Description of Advertising Campaign
The lead into the video is a blog by Michelle Frey. She introduces the video as a new “24 style video” produced by Greenpeace. She ends her blog posting on a positive note; “real change is possible! There are safer alternatives to some of these chemicals. And, we can increase security and regulations so the chemical plants and the transportation of these chemicals are done in a safer manner – protecting both you and I.” She then urges her readers to: “Take action today, check out our video and tell all your friends and family!”
The video provides a variety of scenes of chemical facilities, fires, explosions, ambulances, and a dirty faced little girl with a bewildered look on her face. Interspersed are flashing graphics of factoids about chemical facilities, security, industry money, and the catch phrase that death could come in ‘as little as 24 minutes’. Filled with quick cuts and mono-colored stock shots this has the feel of a rock video; an effective device to catch the attention of a large portion of the target audience.
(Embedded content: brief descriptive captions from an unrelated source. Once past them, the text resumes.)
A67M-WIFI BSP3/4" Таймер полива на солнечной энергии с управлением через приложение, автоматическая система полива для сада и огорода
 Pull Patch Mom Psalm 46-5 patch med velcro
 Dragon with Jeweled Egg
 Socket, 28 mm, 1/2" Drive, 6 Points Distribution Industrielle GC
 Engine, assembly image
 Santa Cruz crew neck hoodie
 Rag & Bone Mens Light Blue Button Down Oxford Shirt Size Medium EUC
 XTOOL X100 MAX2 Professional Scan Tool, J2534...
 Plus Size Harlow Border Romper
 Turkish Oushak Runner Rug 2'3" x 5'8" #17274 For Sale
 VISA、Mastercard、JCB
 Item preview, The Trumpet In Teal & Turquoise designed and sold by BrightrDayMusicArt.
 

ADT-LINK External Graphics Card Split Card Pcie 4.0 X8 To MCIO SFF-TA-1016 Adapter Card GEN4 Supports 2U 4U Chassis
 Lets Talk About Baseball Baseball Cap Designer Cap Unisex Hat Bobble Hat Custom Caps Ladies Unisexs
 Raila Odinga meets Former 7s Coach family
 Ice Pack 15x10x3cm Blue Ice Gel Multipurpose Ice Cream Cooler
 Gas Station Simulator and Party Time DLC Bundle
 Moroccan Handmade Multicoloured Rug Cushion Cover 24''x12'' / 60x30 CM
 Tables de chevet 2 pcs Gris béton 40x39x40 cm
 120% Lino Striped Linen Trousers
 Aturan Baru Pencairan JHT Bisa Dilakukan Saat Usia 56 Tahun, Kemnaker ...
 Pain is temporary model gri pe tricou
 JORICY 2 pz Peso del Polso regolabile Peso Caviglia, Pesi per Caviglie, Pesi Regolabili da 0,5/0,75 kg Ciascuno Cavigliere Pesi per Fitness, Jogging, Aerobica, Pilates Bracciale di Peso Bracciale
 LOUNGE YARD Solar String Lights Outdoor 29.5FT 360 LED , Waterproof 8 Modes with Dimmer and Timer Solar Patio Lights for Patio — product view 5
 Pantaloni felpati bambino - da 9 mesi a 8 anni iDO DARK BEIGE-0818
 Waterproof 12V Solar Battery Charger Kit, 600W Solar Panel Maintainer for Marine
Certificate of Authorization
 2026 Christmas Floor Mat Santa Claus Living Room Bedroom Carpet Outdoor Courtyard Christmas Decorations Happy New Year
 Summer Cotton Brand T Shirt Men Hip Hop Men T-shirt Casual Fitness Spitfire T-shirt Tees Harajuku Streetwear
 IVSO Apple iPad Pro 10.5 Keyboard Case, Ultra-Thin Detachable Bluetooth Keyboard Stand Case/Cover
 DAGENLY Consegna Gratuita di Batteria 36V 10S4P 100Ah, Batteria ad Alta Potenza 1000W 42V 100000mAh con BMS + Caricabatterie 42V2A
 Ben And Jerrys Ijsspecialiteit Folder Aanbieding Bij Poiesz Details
At the bottom of the page where the video plays there is a box, boldly labeled as “Sign the Do Not Kill List” with a few more facts re-enforcing the content of the video. It also provides a link to the petition that is the whole point of the exercise. Greenpeace is trying to get as many people as possible to sign this petition to reinforce the point that “Congress needs to pass a bill like H.R. 5577 to protect Americans and make safer technologies mandatory for chemical plants”.
Analysis of Campaign
Greenpeace has been doing this sort of thing for years. They know their target audience, the young and socially involved. The blog and the video are all targeted very nicely at that audience. They are hitting on a single issue, IST, and calling for support of a ‘bill like HR 5577’ that includes much more. You do have to give them credit, they picked the most controversial portion of that bill (the part Greenpeace surely supports the most) to include in their campaign. This should get a large response.
The political effectiveness of this campaign, like the mass email campaign I looked at yesterday, will depend on the number of signatures that they get on their petition. Realistically they will need to get a larger response than the email campaign; signatures on a petition (especially electronic ones like this) are not as impressive as numbers of emails. The advantage is that the petition will be delivered in person by someone the target Congressman knows. The same petition will be delivered to key people that Greenpeace already knows are sitting on the fence. They will be targeting this at those swing votes. Combine this with the email campaign and things start to get interesting.
One last thing; this campaign kicked off yesterday. As of noon today (EST) the video had not yet shown up on YouTube®; it will. Greenpeace won’t put it there because the supporting pages and links would not appear with it. But, someone will put it up and it will catch a lot of additional attention. If Greenpeace is smart (and no one underestimates Greenpeace more than once) there will be a follow-up campaign in a month or so with a separate petition with slightly different wording.